I was in high school more years ago than I care to remember, so long before anything Internet that information about our fall retreats, ski trips, CIY conferences, service projects, church camp, parties, and mission trips was communicated via photocopied handouts.
Dan Giese arrived at our church early in my middle school career and stayed until long after my high school graduation, so he was the only youth minister my friends and I knew. And he was the only one we wanted. Over the years as our small church outgrew its building, the youth group took off, too, and more and more kids from several area school districts began attending our activities. On Sunday morning this included a youth worship experience called “Oasis” where we sang loudly to loud guitars before joining our parents in big church. On Sunday nights it was youth group, which might mean diving deep into a Scripture passage or shoving marshmallows in our faces. During the week it meant looking forward to the weekend when I could see all my best friends (and, I’ll admit, my boyfriend) at church.
Over the years I joined Bible studies, helped lead small groups, attended hayrides and bonfires and pool parties, ate my weight in junk food on New Year’s Eve, and logged too many miles in the back of church vans. I got lost on the subway in Caracas, painted the house of an old lady in Tennessee, slept on the floor of a school gym, and lost shoes on three different canoe trips. I learned how to read my Bible and why it mattered. I studied apologetics. I prayed and listened when others prayed. I got baptized.
The truth? Many of my happiest memories from my teenage years are youth group moments.
At the time we assumed Dan was constantly there for us, listening and coaching and teasing and tipping canoes, because we were awesome—where else would he want to be? Now, of course, I know he couldn’t have enjoyed driving all of us to Michigan every summer (“We are NOT STOPPING AGAIN. HOLD IT OR PEE YOUR SEAT”) or gutting through entire weekends on five hours of sleep or taking time away from his wife and baby to spend time with other people’s kids. But he was there, every Sunday, every summer, and our group grew closer every year as we pinballed through high school together. Sometimes I still miss those folks.
A few years after I graduated from college, Dan decided to leave my home church to serve with a different church in another state. I hadn’t seen him much since I’d gone away to school, but I drove the 30 minutes to church one sunny Sunday evening to say goodbye. As usual, he was with the youth group, kids that had been in elementary school during my own teen years. He looked over as I parked the car and returned my wave, turning back just in time to make a running jump for a Frisbee. I walked over and leaned into his familiar side hug.
“I just wanted . . . I just wanted to say goodbye,” I said, tears already puddling up.
“Thanks,” he said, smiling his big smile. I knew he saw my tears and I knew he got it. “It’s good to see you. Thanks for coming by.”
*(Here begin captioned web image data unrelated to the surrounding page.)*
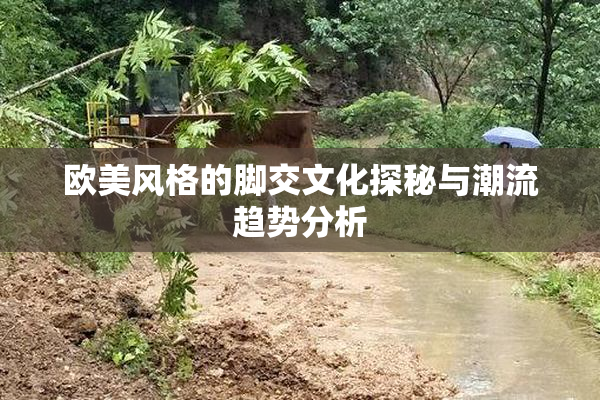 欧美风格的脚交文化探秘与潮流趋势分析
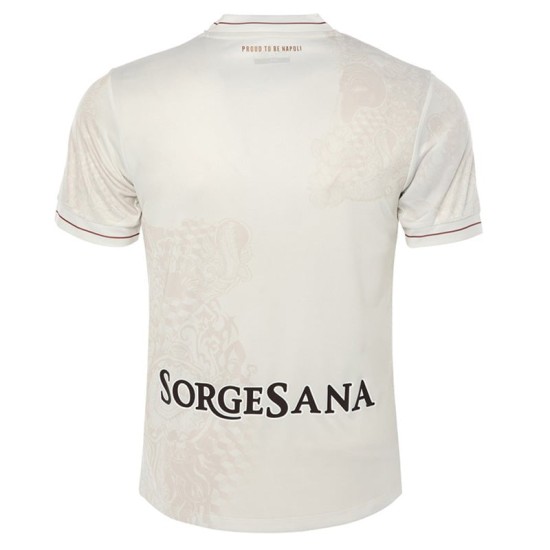 Femme Napoli 2025/26 Maillot Extérieur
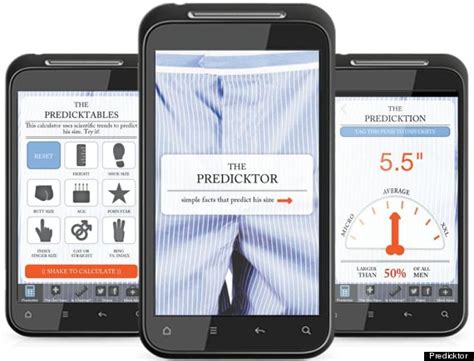 Predicktor App Tool Claims To Predict Mens Penis Size Teach Us Penis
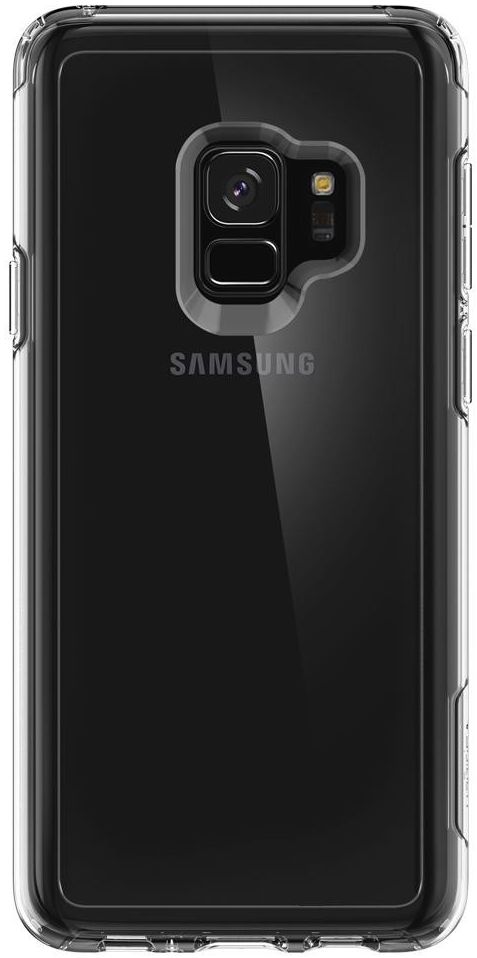 Spigen Slim Armor Samsung Galaxy S9 Transparant afbeelding 11
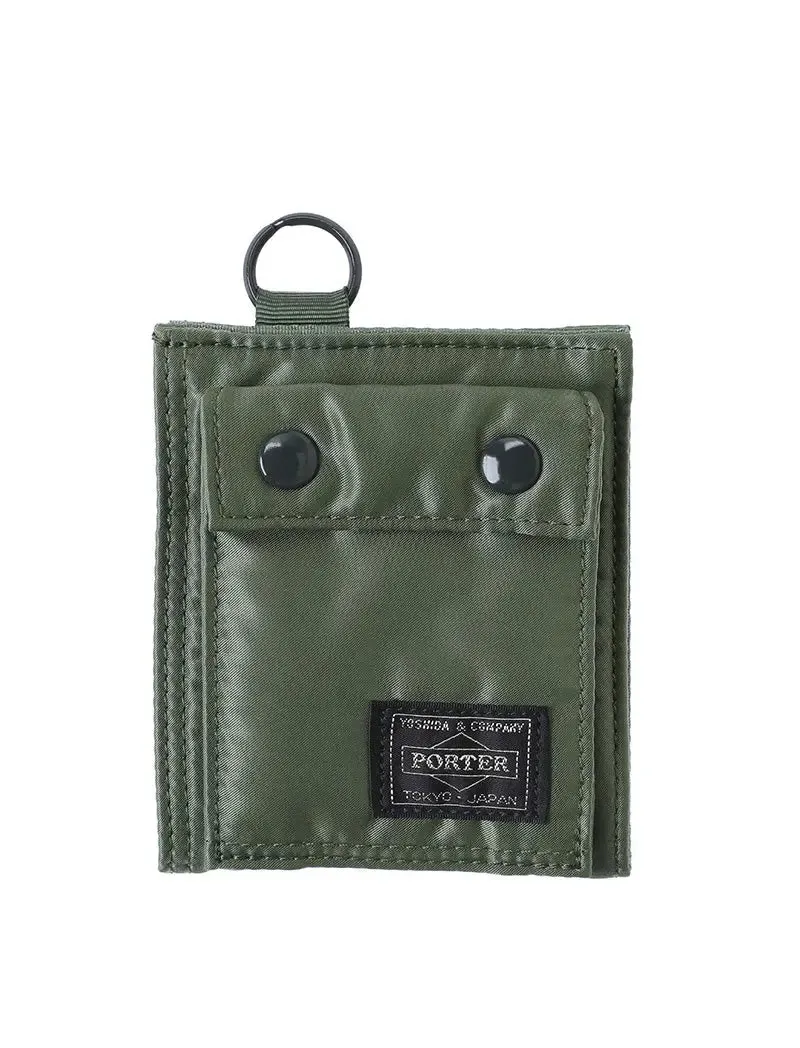 Porter-Yoshida and Co Tanker Wallet Sage Green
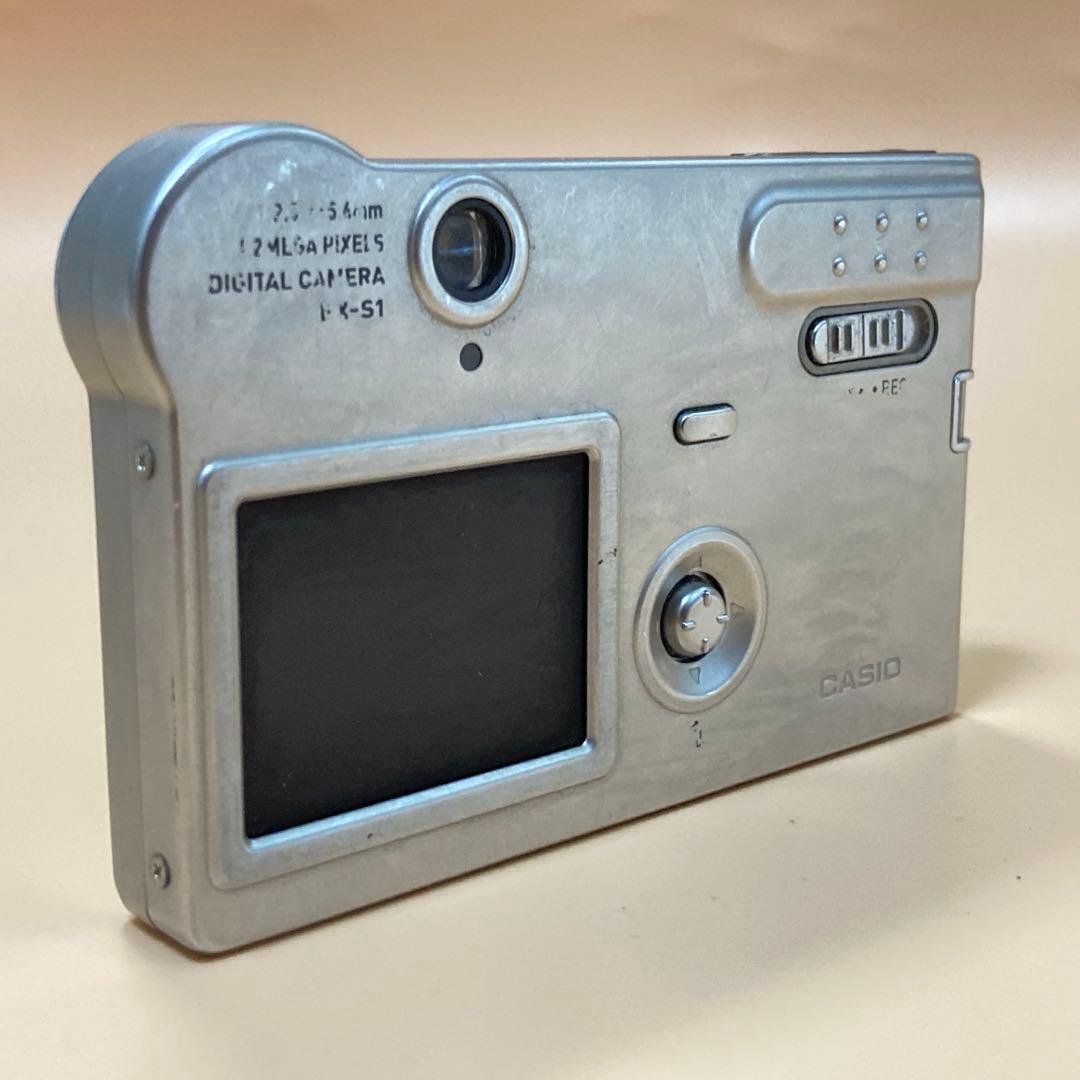 ★スマホ転送OK★CASIO EXILIM EX-S1 SDカード付き レトロ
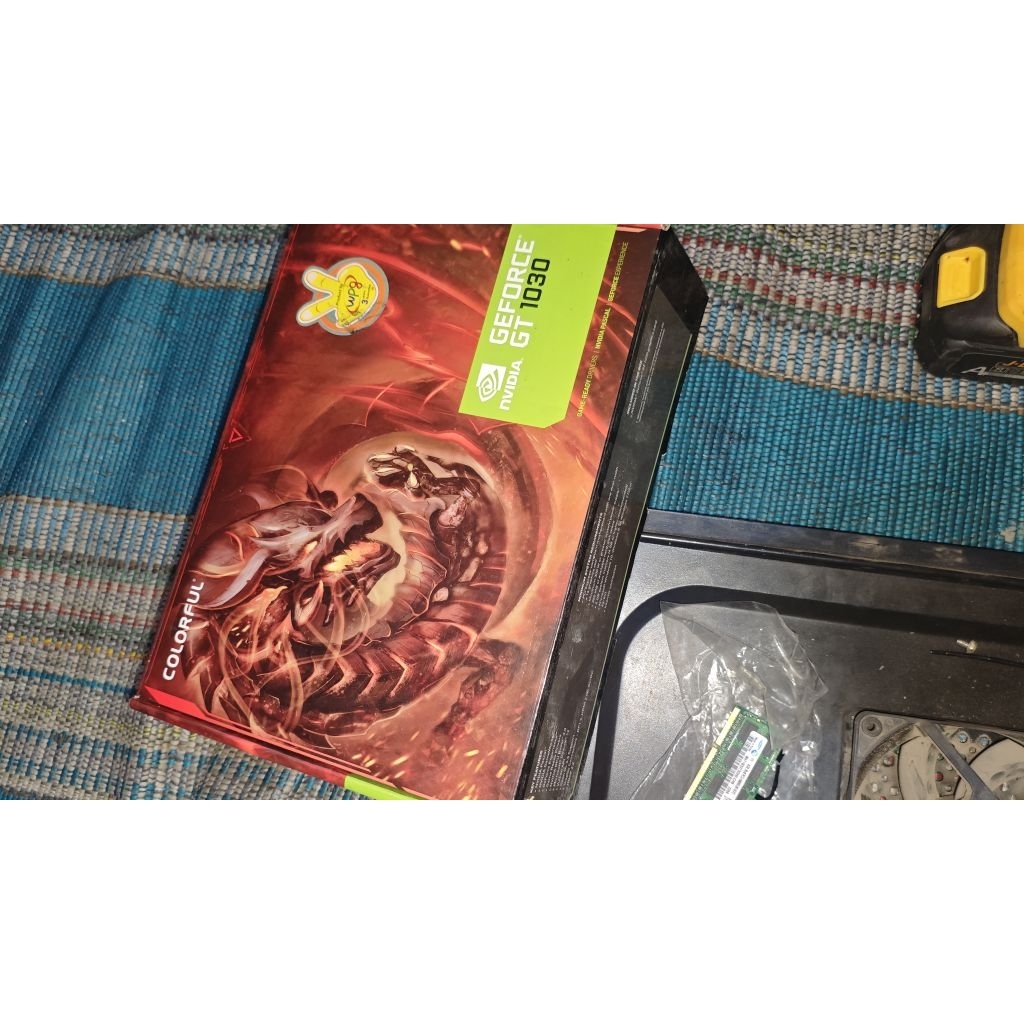 Vga Gt 1030 2Gb DDR5 second
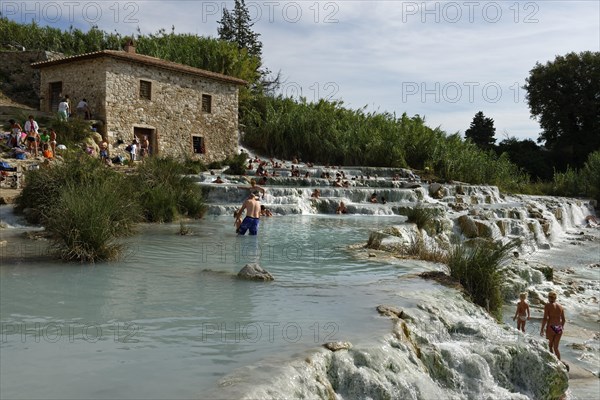 Sinter terraces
Dan was just one of thousands of youth leaders around the country. He never wrote a book and he never headlined the speaking circuit, and you may not have heard his name before now. But for me and hundreds of teenagers in southern Ohio, none of that matters. He invested his life in ours. He saw our potential and loved us as we struggled to see it ourselves. He made us feel like we were part of something special—which, now that I think of it, we were.